In the previous exercises, we used a quantitative predictor in our linear regression, but it’s important to note that we can also use categorical predictors. The simplest case of a categorical predictor is a binary variable (only two categories).
For example, suppose we surveyed 100 adults and asked them to report their height in cm and whether or not they play basketball. We’ve coded the variable bball_player
so that it is equal to 1
if the person plays basketball and 0
if they do not. A plot of height
vs. bball_player
is below:
We see that people who play basketball tend to be taller than people who do not. Just like before, we can draw a line to fit these points. Take a moment to think about what that line might look like!

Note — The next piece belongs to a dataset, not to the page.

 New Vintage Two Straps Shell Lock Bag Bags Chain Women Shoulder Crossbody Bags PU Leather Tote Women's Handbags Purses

You might have guessed (correctly!) that the best fit line for this plot is the one that goes through the mean height for each group. To re-create the scatter plot with the best fit line, we could use the following code:
# Calculate group means print(data.groupby('play_bball').mean().height)
Output:
play_bball | |
---|---|
0 | 169.016 |
1 | 183.644 |
# Create scatter plot plt.scatter(data.play_bball, data.height) # Add the line using calculated group means plt.plot([0,1], [169.016, 183.644]) # Show the plot plt.show()

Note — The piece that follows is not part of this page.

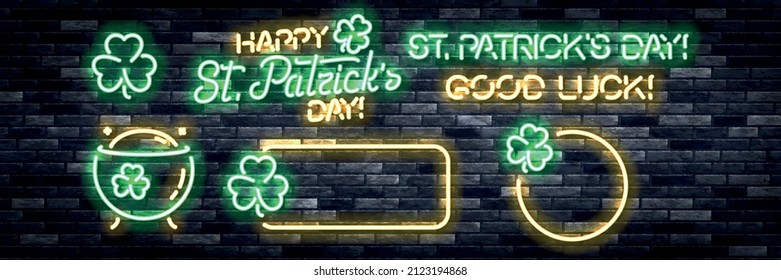 Vector set of realistic isolated neon sign of St. Patrick's Day logo on the wall background.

This will output the following plot (without the additional labels or colors):
Instructions
Using the dataset students
(which has been loaded for you in script.py), plot a scatter plot of score
(y-axis) against breakfast
(x-axis) to see scores for students who did and did not eat breakfast.
Code has been provided for you in script.py to calculate the mean test score for students who ate breakfast and the mean score for students who did not eat breakfast. Use these numbers to plot the best-fit line on top of the scatter plot.